With listservs and email groups, get your emails as a daily digest, or even check them on-line.
I used to get an email from four different email lists each time someone, from the list, sent a message. I had hundreds of unread emails every time I opened my inbox, and this totally distracted me. OR I would hear the ding of a new email, switch from Microsoft Word back to my email, and read this message, which usually was never urgent. So, I changed the way I received messages from all my lists by going to the home page, clicking on options, and finding the daily digest option. I also know writers who go on-line once or twice a day and read the discussions directly from the group's home page, instead of having them sent to their inbox. These online writing groups are important and valuable, but they don't have to take up a bunch of your daily writing time.

Don't read every forwarded email from Aunt Betty.
You don't have to feel guilty if you delete these emails before you even read them. You will not be cursed if you don't send them to ten people. No one will even know unless you tell them that you never read these jokes or sob stories or urban legends. I will, every once in a while, open and read one if it is from my husband or another friend because they never forward them unless they know I will really like the content.

Skim email newsletters for important information.
I also subscribe to email newsletters, and I try to read them in a timely fashion. Most of these have a "table of contents" at the top of the email. I skim this first to see if there is anything that will pertain to my writing career, and then I jump to that topic instead of reading the entire email newsletter from top to bottom.
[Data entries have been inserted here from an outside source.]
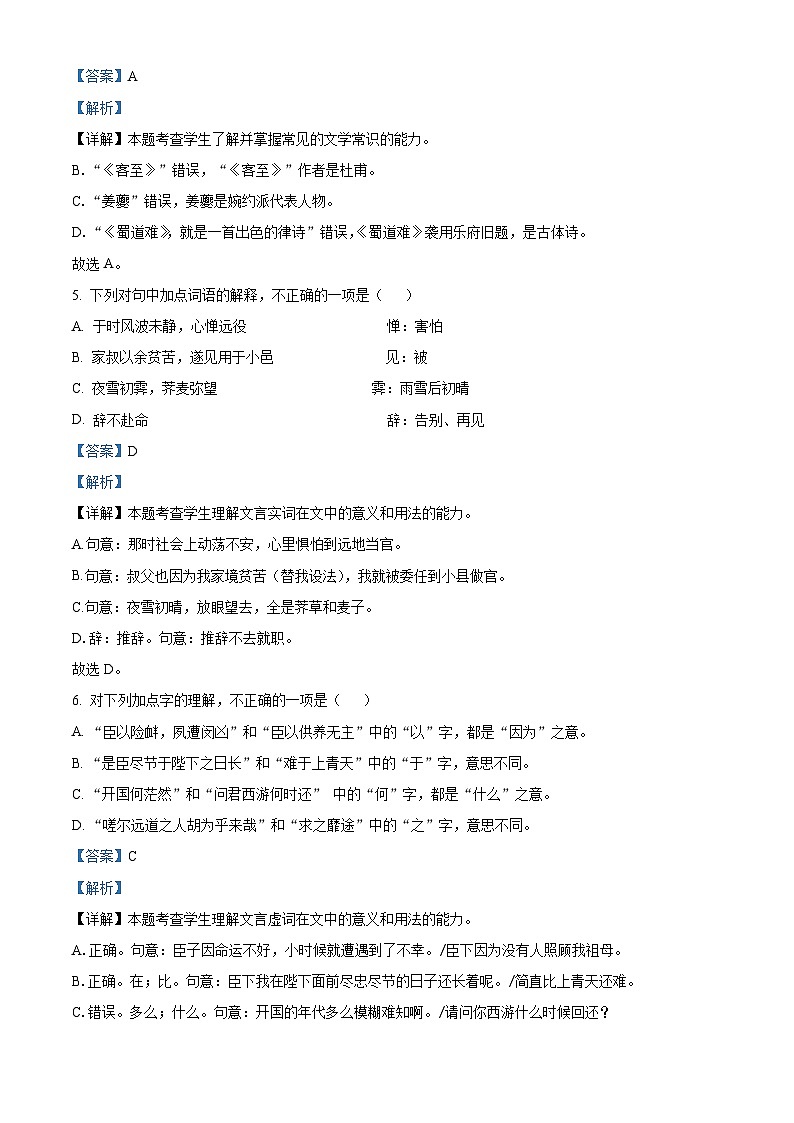 北京市第三十五中学2023-2024学年高二下学期期中考试语文试题（原卷版+解析版）03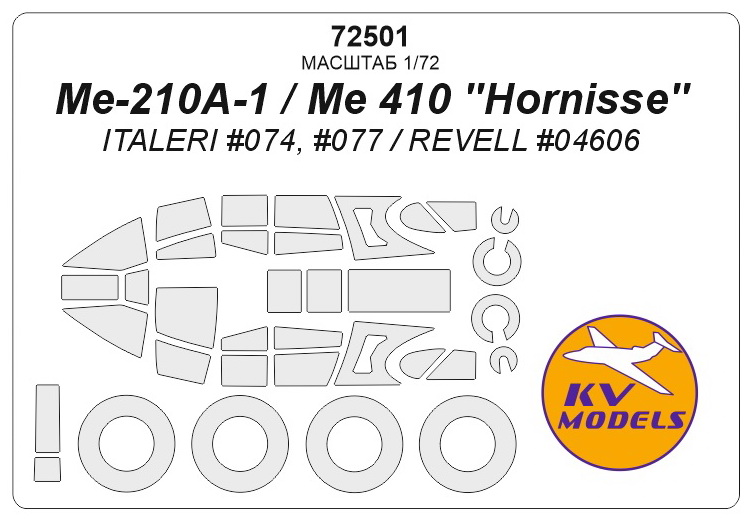 

72501KV Me-210A-1 / Me 410 Hornisse ITALERI 074, 077 / REVELL 04606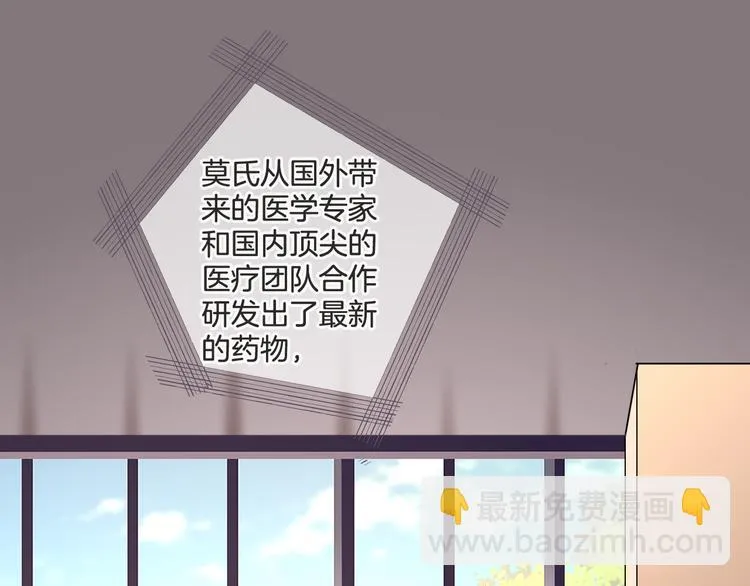 第58话 今后的打算 第5页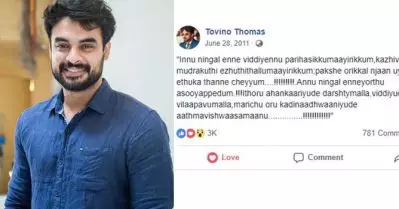 ‘ഇന്ന് നിങ്ങള്‍ എന്നെ വിഡ്ഢി എന്ന് പരിഹസിക്കും, പക്ഷെ ഒരിക്കല്‍ ഞാന്‍ ഉയരങ്ങളില്‍ എത്തുക തന്നെ ചെയ്യും’; വീണ്ടും വൈറലായി ടൊവിനോയുടെ പഴയ ഫേസ്ബുക്ക് പോസ്റ്റ്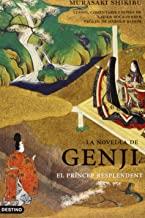 NOVEL·LA DE GENJI, LA | 9788497100908 | SHIKIBU, MURASAKI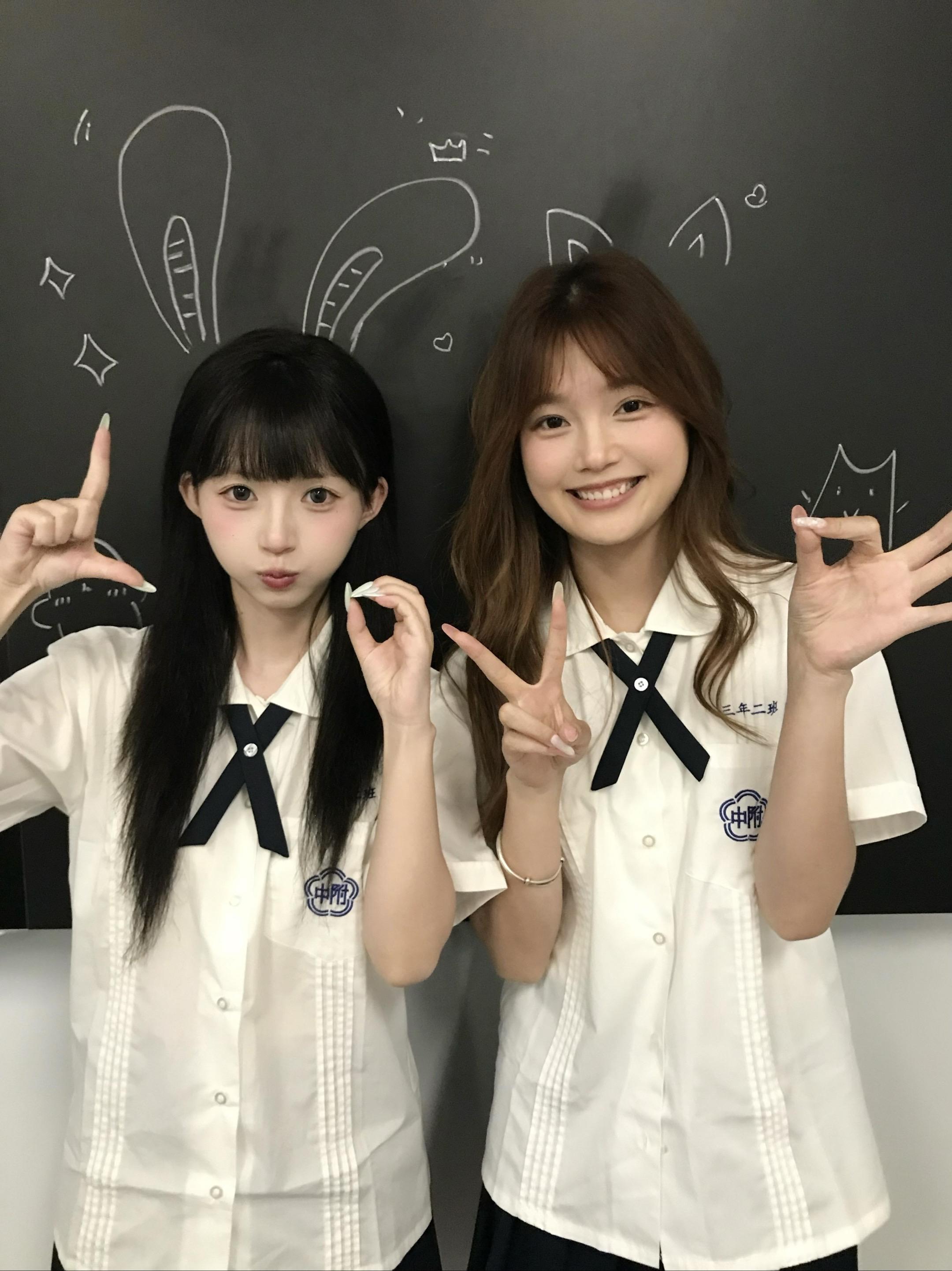 好想对你表白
Clean out and file old emails.
I know some people leave every email in their inbox. They can never find an old email they want to read again, and they have trouble keeping track of which emails they've answered or which ones they still need to answer. I only keep emails in my inbox that I still need to deal with or that I haven't answered yet. Otherwise, I file them away within my email system. I usually use aol, so my old emails are saved on aol in different files such as WOW!, writing work, editor 911, and so on.

I hope these four tips can give you more writing time and less time with your inbox. Make email a help for you and your career--don't let it waste your time!

Happy Writing!
Margo Dill
www.margodill.com

4 comments:

  1. Yes, and now I'm stepping away from the inbox to get some actual writing work done before I leave the house!

    ReplyDelete
  2. I'm an email junkie/inbox slave. I seriously need to step away from the email accounts. I have three tabs open at all times with my different accounts and I check them like a circus juggler: WOW, writing business, publishing business, and back to WOW again.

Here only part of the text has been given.